Another important security role served by the secure memory controller is the conversion of memory protection when data is transmitted from peripherals such as disk to the physical memory. The conversion mechanism supports both DMA based and processor based memory operations. For DMA, the involved secure processor initializes both the related unid register, and the software vendor key register first, then starts DMA engine. The memory controller will automatically verify and convert protections from vendor's domain to the platform's domain for every chunk of data written to the memory. Similarly, when results in the memory are DMAed to the peripherals, they can be optionally converted back to the software vendor's domain. Both operations can be achieved with support of the security DMA engine without increasing workload on the secure processor.

## 3.2.3 authentication speculative execution

As aforementioned, there are three alternatives of incorporating results of integrity verification into processor pipeline — AIOE, ASE, and LAE. The pros and cons of each approach are listed in Table 1. To achieve a balance between security and performance, ASE is definitely the best compromise. Detailed discussion of vulnerabilities of LAE is outside the scope of this paper.

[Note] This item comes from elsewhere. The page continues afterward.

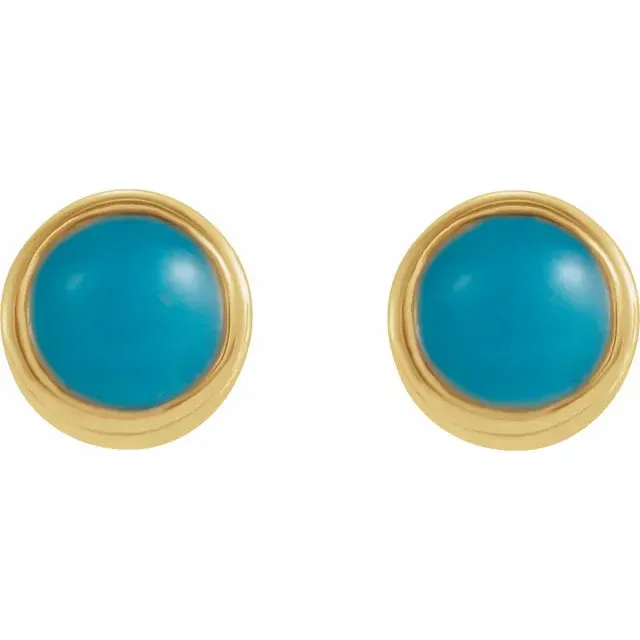 14K Gold Natural Turquoise Bezel-Set Stud Earrings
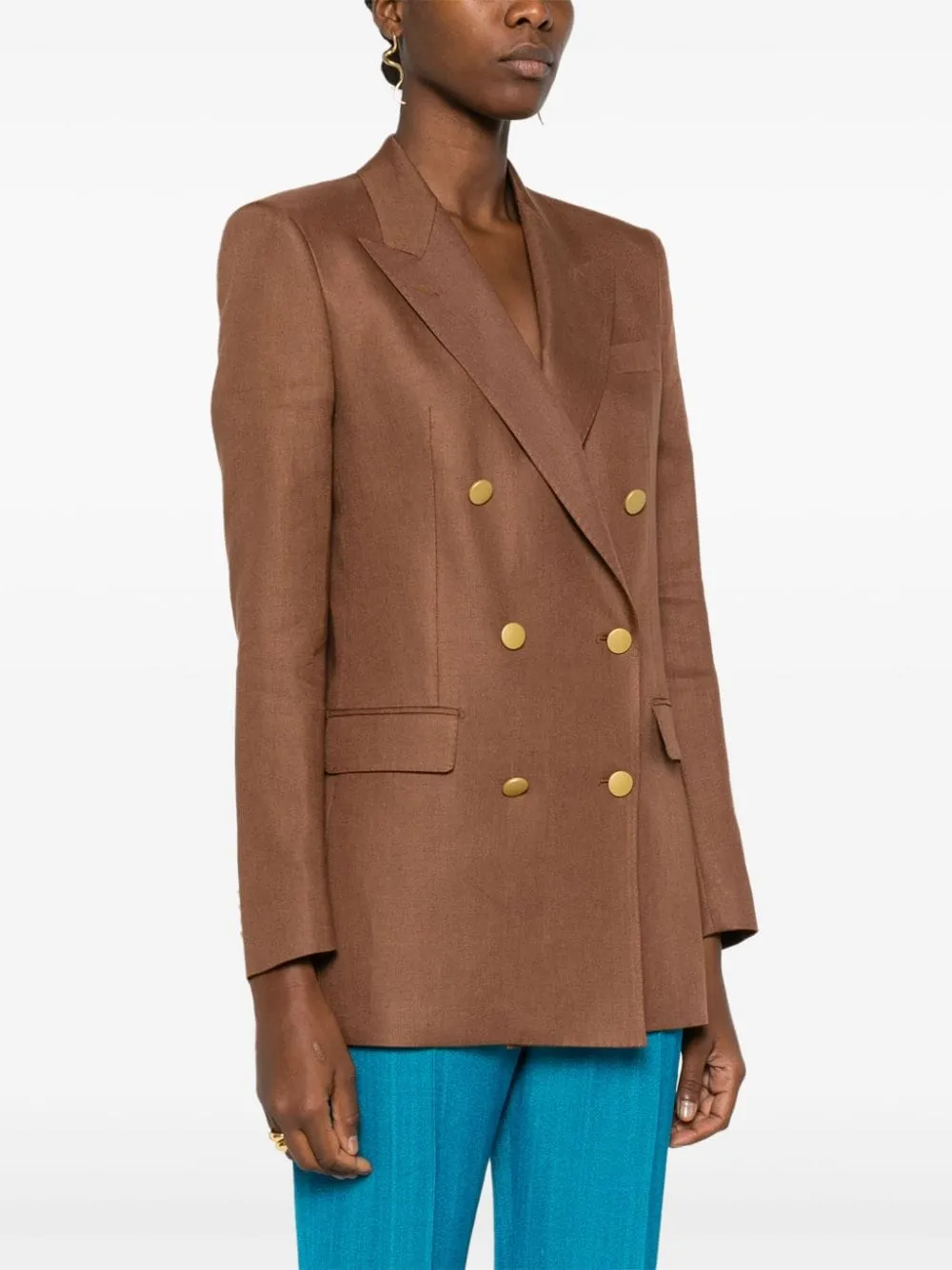 Blazer doppiopetto in marrone - donna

Under ASE, data and its integrity code can be transmitted separately. Each data transaction on the MP bus is tagged with a transaction number. The upper bound of the tag is the maximum number of outstanding bus transactions supported. A bus transaction is not considered com-

Table 1: Pros and Cons of AIOE, ASE, and LAE

| Scheme | Pros    | Cons                                                                                               |  |
|--------|---------|----------------------------------------------------------------------------------------------------|--|
| AIOE   | secure  | slow, support precise interrupt                                                                    |  |
| ASE    | secure  | support precise interrupt, faster than AIOE, allow split transaction of data and integrity code    |  |
| LAE    | fastest | insecure, worst for protection using one-time-pad, no precise interrupt for authentication failure |  |

plete if its integrity code has not been received. For both inter-processor communication and regular memory fetch, data can be transmitted and processed even before integrity code arrives, hence the pipeline execution will not be stalled. Note that for inter-processor communication, integrity code has to be computed by the source processor, transmitted, and verified by the destination processor. For a memory fetch, integrity code has to be verified through the MAC tree. Data transactions with either un-verified integrity or missing integrity code are kept in a structure we call the Authentication Sequence Buffer (ASB) which is illustrated in figure 7. ASB is an on-chip buffer that keeps read transactions with outstanding integrity codes or transactions with unverified integrity codes in the sequence they were triggered in the system. There is one "authenticated\_bit" associated with each ASB entry. This bit is set when the integrity of a read transaction is verified. ASB broadcasts the index of an authenticated entry to a bus shared by memory load/store queues and the re-order buffer. We should note that though the transactions can be authenticated in any order ASB entries have to be broadcasted sequentially which justifies it being called a *sequence* buffer. Both load/store queues and re-order buffer have an extra ASB tag field. If the value stored in the tag field is zero, it means that value held in the queue or the re-order buffer is either authenticated, or produced using authenticated data. If the ASB tag value is a positive number *i*, it means that data associated with the queue or re-order buffer is not considered authenticated until integrity of the transaction held in entry i of the ASB is verified. When a load/store queue or reorder buffer snoops a broadcast of index i from the ASB, any entry tagged with index i is reset to zero.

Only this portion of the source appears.